We’ve been looking at the underlying logic of the Traditional View of Hell (TVOH) and trying to tease out some things that often are not spoken of publicly, or perhaps not even consciously realized.  We reached the following conclusions there, given the TVOH:

Either

1. a) infinite punishment for finite sin is just or

1. b) God is a capricious tyrant.

Regarding people who hold the TVOH, and thus necessarily (if implicitly) one of the above,

2.  a) Many Christians actually see Hell not as a sorrowful thing, but a vital necessity and an active good.

2. b) As a corollary, they have an active desire to see malefactors damned.  In short, it’s not just a tragedy, but an active attitude of, “Yes, those m*^%$#@*&^%$#s are getting what they deserve!  Justice is served!  God is not mocked!”

2. c) As another corollary, such people seem to have a model of morality that is at best conventional, if not pre-conventional, a model which they project on everyone else; that is, they assume that people are driven so much towards selfishness and sin that only threats, the bigger the better–preferably the infinite and eternal threat of Hell–can keep them in line.

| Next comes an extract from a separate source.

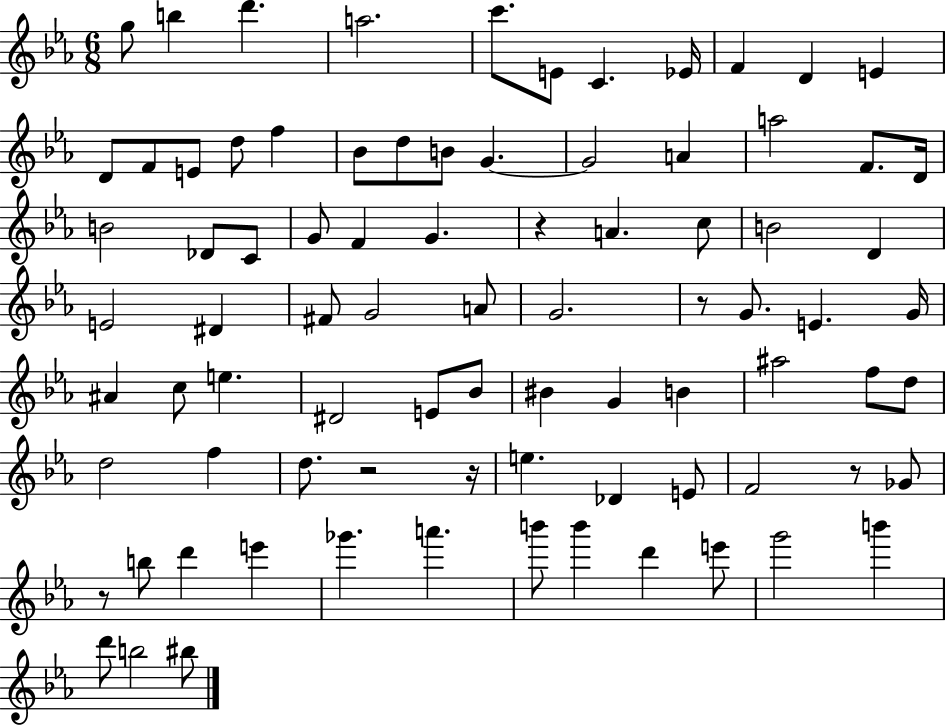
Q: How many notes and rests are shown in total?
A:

2. d)  As a final corollary, this implies that these people have rather disordered inner lives themselves.  In short, they are not saying, “Because of the love of God and the grace He gives me, I no longer have a desire for sin X,” or even the less exalted, “Though I am strongly tempted to X, I don’t want to be that kind of person,” but rather, “I wanna do X soooo bad, but if I do I’m gonna burn, so I’ll refrain.  As long as all the other yahoos who give in will burn.”  To me, this is clearly the subtext of Shrum’s statements, which I’ve noted before.  In short, it is (at least on a subconscious level) not about becoming a better person as an end in itself or or becoming more loving or decent or getting closer to God.  In short, it’s not about personal transformation–it’s about personal preservation.  That is, it’s about keeping the rules sufficiently to get picked to go to the head of the eschatological class.